TASK BRIEF >> Take the lines below from the one with "Vintage Fruit Of" through the one with "ENGIE investit dans" and retype them exactly. Include nothing else, and no pictures.

DATA FOR REVIEW >>

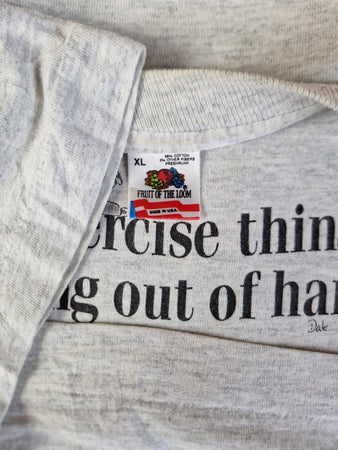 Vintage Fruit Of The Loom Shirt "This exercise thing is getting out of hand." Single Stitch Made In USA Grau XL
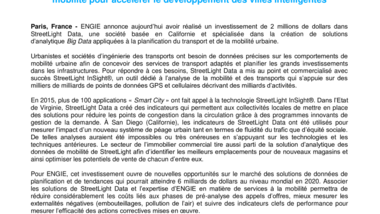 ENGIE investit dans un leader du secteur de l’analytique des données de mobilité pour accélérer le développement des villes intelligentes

==

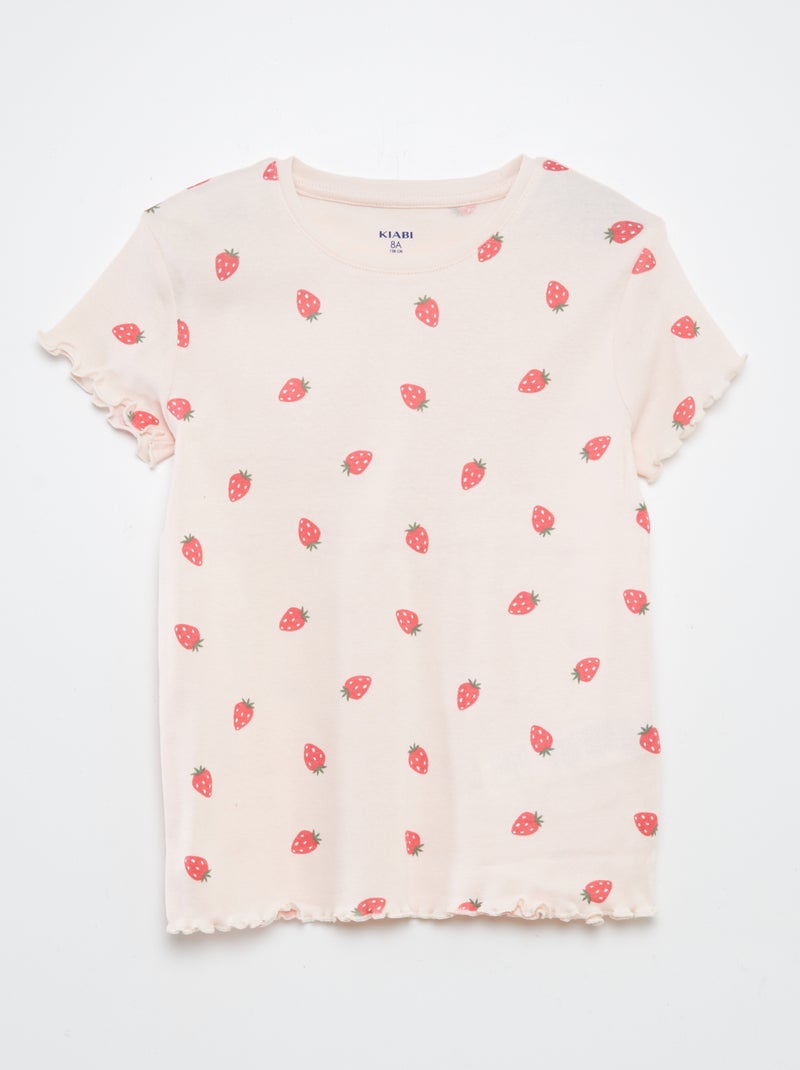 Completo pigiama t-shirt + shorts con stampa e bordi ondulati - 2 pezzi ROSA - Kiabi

ANSWER TO THE EXERCISE >>
 Vintage Fruit Of The Loom Shirt "This exercise thing is getting out of hand." Single Stitch Made In USA Grau XL
 ENGIE investit dans un leader du secteur de l’analytique des données de mobilité pour accélérer le développement des villes intelligentes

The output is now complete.